What qualifies a person as well read? Is it the sheer number of books consumed, or the depth and breadth of their literary repertoire? Do you consider yourself well read? We’ve examined this idea before: “in matters of taste, there is no argument” and there is no better example of this than in our choice of reading material. Book lovers will browse through bookshelves whenever they get the chance. And who isn’t guilty of perusing the bookshelves of our friends? We’re always on the hunt for the next great read, or to identify books in common that we can then discuss.
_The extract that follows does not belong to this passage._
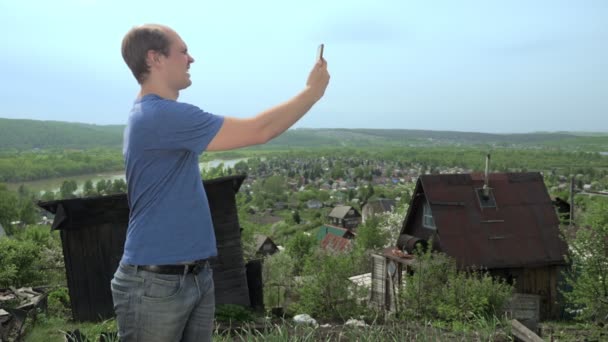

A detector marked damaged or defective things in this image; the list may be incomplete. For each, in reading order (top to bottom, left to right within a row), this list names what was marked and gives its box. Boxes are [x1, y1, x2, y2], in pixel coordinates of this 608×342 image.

house with rusty metal roof [396, 172, 568, 320]
rusty corrugated roof [402, 172, 568, 268]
While it’s highly unlikely that we’re building a library from scratch, let’s just pretend – for the sake of argument – that we were.
What titles are essential to have on your bookshelf? It’s an almost impossible task, but working through genres it becomes a little easier to narrow down those authors and books that seem to define what “good reading” is. We’ve put together a list – in no particular order or by no particular genre – of 50 titles that we’d consider as a part of any personal library. These titles cover a wide range of voices and experiences in fiction and nonfiction. Clearly there’s something about each title that has struck a chord, stood the test of time, or offers significant insight into an idea or experience.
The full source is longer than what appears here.